Sustainable Services for Sustainabilty Entrepreneurs

As someone hoping to assist clean green innovators see their sustainable ideas germinate and flower in our local communities, I was curious to understand the challenges these entrepreneurs face in securing access to legal or professional services.  Having recently been asked by the International Bar Association to present my experience with social media at their annual conference, I thought it made sense to try and find some answers to this question by starting a LinkedIn discussion group.

To my wondrous surprise, a few other people have given some thought to this issue as well. I don't know if we came to the most authoritative of conclusions, but I think some important points were raised and discussed. One contributor even kindly created a direct link here to the full discussion for other members of LinkedIn. However, if you just want the highlights, here is what I learned:
  • Fee Structure:  A fixed price for advice or at least a base price for templates would help start-ups with cost certainty and management of their cash flow (subject to complexity of the task at hand).  Entrepreneurs also suggested they would (i) be willing to do some legwork themselves in order to reduce legal fees; or (ii) like to see service professionals work on a delayed gratification/sweat equity model.  A more innovative approach is to request bids from lawyers on Elance, thus taking advantage of the large cohort of legal professionals that may still be under-capacity in the current economy.

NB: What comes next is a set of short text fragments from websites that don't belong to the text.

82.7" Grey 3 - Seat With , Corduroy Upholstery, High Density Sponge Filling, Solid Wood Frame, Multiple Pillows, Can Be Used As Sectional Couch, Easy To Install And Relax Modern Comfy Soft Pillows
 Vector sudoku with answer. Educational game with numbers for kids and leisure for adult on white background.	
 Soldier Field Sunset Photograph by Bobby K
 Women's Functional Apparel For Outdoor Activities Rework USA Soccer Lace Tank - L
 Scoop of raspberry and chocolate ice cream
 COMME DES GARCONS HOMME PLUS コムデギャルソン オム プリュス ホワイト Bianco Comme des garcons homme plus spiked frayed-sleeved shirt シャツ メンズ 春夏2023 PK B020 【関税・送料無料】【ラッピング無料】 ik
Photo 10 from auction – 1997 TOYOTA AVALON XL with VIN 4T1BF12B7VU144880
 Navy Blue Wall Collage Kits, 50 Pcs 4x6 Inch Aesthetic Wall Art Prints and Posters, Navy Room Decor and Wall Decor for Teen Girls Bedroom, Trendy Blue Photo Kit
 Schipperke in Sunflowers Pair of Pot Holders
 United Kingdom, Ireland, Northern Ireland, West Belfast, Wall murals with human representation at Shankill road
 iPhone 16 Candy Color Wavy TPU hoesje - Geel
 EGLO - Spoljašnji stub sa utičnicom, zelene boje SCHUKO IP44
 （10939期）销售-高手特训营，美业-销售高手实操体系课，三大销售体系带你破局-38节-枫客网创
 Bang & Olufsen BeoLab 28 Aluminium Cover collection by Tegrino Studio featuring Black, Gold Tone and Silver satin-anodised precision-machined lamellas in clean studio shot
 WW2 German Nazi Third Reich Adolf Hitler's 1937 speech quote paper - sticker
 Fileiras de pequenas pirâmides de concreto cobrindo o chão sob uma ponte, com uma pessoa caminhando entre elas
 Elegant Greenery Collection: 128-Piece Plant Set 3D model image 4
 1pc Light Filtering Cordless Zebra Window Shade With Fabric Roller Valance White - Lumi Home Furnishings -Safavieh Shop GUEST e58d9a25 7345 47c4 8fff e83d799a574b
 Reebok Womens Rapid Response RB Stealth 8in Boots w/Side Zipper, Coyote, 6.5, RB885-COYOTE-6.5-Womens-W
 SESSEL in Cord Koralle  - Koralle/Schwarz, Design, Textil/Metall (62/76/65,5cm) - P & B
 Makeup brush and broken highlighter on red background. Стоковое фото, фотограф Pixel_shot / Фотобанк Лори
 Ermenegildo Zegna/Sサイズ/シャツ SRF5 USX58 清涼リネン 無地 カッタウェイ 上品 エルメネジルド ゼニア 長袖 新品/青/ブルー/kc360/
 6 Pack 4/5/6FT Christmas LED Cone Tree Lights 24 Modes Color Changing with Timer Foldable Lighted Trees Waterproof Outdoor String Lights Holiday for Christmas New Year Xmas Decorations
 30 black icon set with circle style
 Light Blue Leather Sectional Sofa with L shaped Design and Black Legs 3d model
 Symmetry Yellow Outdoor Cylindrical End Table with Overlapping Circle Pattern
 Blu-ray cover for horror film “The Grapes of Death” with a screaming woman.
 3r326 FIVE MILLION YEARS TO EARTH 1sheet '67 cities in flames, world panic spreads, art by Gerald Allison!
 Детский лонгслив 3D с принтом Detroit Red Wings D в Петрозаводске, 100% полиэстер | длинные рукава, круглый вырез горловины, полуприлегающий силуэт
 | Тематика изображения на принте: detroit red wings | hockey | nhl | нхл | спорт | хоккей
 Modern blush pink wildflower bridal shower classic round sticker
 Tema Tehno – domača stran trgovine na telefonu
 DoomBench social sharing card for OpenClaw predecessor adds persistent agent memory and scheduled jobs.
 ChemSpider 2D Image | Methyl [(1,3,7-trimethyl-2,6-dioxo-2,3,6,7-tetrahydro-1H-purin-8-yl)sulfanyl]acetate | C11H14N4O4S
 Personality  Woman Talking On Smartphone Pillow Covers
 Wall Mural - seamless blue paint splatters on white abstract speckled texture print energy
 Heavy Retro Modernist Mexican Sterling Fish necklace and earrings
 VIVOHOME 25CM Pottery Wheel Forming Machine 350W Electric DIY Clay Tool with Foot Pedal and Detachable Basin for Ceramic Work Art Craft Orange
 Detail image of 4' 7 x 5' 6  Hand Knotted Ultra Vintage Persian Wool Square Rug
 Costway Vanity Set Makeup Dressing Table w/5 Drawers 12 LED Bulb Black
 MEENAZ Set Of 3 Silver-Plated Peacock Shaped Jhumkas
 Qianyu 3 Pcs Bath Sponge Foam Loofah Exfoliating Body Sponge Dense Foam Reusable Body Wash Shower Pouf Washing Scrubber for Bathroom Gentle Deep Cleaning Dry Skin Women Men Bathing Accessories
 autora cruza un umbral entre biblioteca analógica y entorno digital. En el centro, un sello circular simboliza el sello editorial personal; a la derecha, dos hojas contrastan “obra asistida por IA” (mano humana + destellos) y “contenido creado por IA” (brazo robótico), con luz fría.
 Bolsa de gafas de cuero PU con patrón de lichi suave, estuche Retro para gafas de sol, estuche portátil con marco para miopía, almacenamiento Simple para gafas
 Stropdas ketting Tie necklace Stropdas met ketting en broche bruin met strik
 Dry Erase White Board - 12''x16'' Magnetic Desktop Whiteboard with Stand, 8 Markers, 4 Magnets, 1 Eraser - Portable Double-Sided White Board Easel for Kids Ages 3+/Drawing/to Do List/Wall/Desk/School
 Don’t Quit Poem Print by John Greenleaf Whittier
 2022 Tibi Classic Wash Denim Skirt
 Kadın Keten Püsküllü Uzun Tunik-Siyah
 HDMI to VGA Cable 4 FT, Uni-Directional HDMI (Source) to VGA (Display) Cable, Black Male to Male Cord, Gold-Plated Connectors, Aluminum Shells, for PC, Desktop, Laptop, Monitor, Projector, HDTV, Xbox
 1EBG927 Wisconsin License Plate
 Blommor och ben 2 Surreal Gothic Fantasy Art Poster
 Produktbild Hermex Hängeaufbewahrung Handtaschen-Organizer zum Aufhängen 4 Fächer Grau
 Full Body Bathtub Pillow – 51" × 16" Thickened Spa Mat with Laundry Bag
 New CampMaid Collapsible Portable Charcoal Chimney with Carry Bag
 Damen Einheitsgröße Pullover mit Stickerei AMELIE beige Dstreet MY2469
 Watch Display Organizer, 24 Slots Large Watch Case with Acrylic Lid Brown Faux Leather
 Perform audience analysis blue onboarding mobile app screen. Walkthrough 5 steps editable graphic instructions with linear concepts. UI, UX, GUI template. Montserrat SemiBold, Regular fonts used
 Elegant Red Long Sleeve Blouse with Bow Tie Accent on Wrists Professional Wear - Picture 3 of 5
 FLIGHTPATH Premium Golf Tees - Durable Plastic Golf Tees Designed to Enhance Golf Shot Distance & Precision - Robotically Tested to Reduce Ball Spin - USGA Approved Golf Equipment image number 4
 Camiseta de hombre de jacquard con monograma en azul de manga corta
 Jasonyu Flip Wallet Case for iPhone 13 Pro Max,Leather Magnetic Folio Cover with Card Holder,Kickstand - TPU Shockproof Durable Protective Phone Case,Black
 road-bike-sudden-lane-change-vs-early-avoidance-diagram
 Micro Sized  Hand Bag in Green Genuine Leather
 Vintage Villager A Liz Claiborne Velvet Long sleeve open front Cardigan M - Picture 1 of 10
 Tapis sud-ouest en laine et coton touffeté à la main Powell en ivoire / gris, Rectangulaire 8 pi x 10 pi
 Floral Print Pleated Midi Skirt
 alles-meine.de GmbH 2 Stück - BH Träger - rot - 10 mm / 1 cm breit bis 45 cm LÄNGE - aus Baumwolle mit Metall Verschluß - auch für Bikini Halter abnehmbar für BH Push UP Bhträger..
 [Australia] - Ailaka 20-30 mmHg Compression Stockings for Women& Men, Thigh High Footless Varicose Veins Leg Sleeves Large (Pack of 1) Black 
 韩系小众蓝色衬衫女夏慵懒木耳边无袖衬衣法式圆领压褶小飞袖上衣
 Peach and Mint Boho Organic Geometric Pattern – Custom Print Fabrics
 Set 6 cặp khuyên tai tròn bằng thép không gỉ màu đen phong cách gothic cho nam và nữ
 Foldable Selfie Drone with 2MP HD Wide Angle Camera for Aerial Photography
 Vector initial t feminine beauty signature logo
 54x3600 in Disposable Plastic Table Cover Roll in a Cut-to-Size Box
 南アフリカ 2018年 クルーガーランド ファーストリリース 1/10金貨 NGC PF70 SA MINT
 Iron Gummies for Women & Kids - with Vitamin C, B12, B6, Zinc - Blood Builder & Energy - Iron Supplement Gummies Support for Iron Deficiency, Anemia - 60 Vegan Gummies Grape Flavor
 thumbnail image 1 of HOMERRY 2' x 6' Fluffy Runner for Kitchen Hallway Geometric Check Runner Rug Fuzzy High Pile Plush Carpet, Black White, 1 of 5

  • Lawyer Selection:  Trust is a key aspect of the lawyer-client relationship and referrals help to build that early on in the process.  Seeking those referrals from local funding sources is a good way to stay in their "sweet spot." However, some people are apparently willing to use LinkedIn as pool of potential providers. Perhaps those lawyers benefiting from effective recommendations are in a good position to attract these seekers. And in the case of start-ups looking to places such as Elance, they should do their due diligence by asking for credentials and references. 
  • Services:  Some of the more common legal requirements of start-ups included (i) non-disclosure agreements; (ii) patent or trademark protection; and (iii) employment contracts. 
  • Timing:  Legal advice and tailored agreements are sometimes overlooked in the early phases of a start-up, but having them "in place at the very beginning is paramount" and "day [one] of a start isn't soon enough for legal." At the same time, experienced founders suggest they may be able to wait until the "right time" before seeking legal advice. Perhaps a rule of thumb for the less experienced entrepreneur is to have a lawyer join the team as it is ready to incorporate, especially if there are multiple founders or investors involved. One tool that was suggested was to check this post: http://startuplawyer.com/incorporation/the-when-to-incorporate-decision-matrix    
A spirited debate broke out around the idea of having professional service providers work for equity and whether it's fair to expect them to take on the same level of risk as the entrepreneur who stands to benefit to a greater degree.  One poster summed it up thusly: "As a service provider, if you put too much time into equity deals that don't pan out, you start getting your meals through the local food bank. I look forward to this being the start of a discussion that helps both lawyers and entrepreneurs understand each other's situations, in turn moving us towards a model that is more sustainable for both sides.